We can do either that is considered better. It wasn’t much more than an idea how can we move forward.

It’s not like I have a strong disagreement with any point you mentioned, but I think you are highlighting that the decision to allow branches, which affects everyone, was made in an opaque way by a small group of people actively participating in long threads about stacked PRs, which I remember being scattered across different platforms. The fact that fetch filters were added to our “Getting Started” guide makes wide impact of this decision even more apparent.

That’s why I’d like to see this decision going through proper RFC process, where the community would have a chance to participate and (potentially) agree that this is indeed a reasonable compromise.

I have in my todo list to write a GitHub action that lookup branches and figure out if we have some without PR associated that should be deleted. I’m a bit overloaded, if someone wants to give it a try it would be a useful thing to have!

@nikic reported the misuse problem on Discord 3 days ago

Is it possible to make the rule for allowed branches more specific, so it only covers something like users/*/spr* ? Unfortunately, a number of people are just pushing all their pull requests to the main repo now, even though they don’t use stacked pull"

I agree that we should do something to prevent misuses.

3 Likes

Getting a bit off topic here, but do you know how this command should look like for people who need both main and the release branches?

Some people responded to this by saying they use users/* branches for stacked pull requests, but without using spr, though they seemed open to just including the spr bit in their branch names, even if they don’t use the tool.

An alternative to using something like users/*/spr* would be to rename the namespace to stacked-prs/* or similar. That would avoid endorsing any particular tool, while also making it abundantly clear that this namespace is reserved for stacked pull requests only, and not arbitrary user branches.

6 Likes

We could create a brief announcement post emphasizing that in-repo branches are for stacked PRs only, and pin it to the front page of discourse.

IIRC, there is a way to add default text to the PR description in GH: we could add a comment reminding users about the use of stacked PRs.

One scenario may be that someone pushes a branch to the main repo while they’re still working on the next PR in the soon-to-be a stack.

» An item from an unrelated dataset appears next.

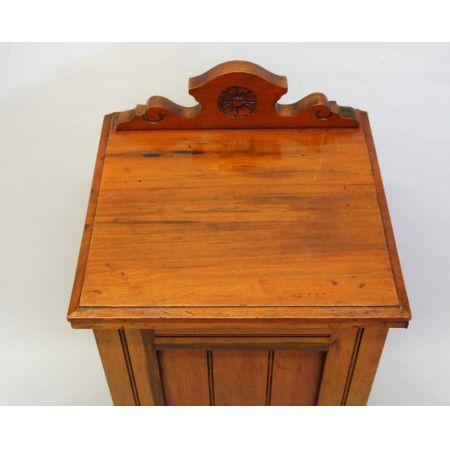 edwardian mahogany  bedside cabinet ca. 1900 Jh.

This allows reviewers to look at the first step before the next one is ready for review.

1 Like

It’d probably be better to document how to do this with negative refspecs rather than updating the default fetch spec, ie:

git config --add remote.origin.fetch '^refs/heads/users/*'
git config --add remote.origin.fetch '^refs/heads/revert-*'

Then your git config will look like so:

[remote "origin"]
	url = git@github.com:llvm/llvm-project.git
	fetch = +refs/heads/*:refs/remotes/origin/*
	fetch = ^refs/heads/users/*
	fetch = ^refs/heads/revert-*
6 Likes

I thought that was already possible via rulesets.

@kparzysz

One scenario may be that someone pushes a branch to the main repo while they’re still working on the next PR in the soon-to-be a stack. This allows reviewers to look at the first step before the next one is ready for review.

Why it has to be a branch in the main repo though?

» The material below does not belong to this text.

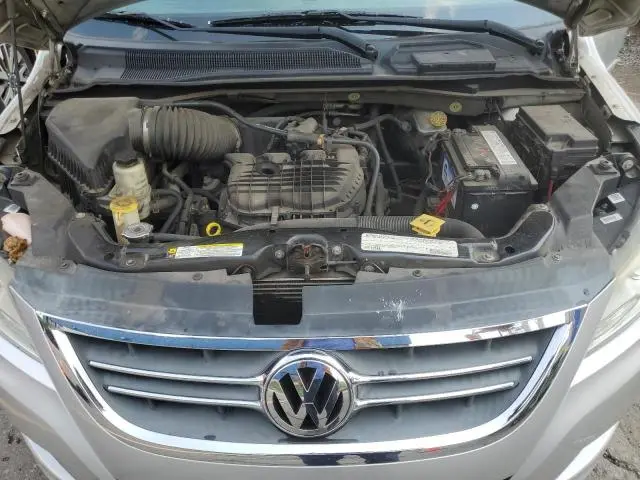2011 VOLKSWAGEN ROUTAN SE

You can’t have a PR in one repo that is based on a branch from another repo.

1 Like

That’s how PRs work? They are based on branch from the fork (another repo). At worst, you’ll have to create extra branches in your fork, but who cares - it’s your fork, do what you want with it.

The next PR in the stack would have to be in the fork, not the main repo. We want the reviews to stay in the main repo, so that won’t work.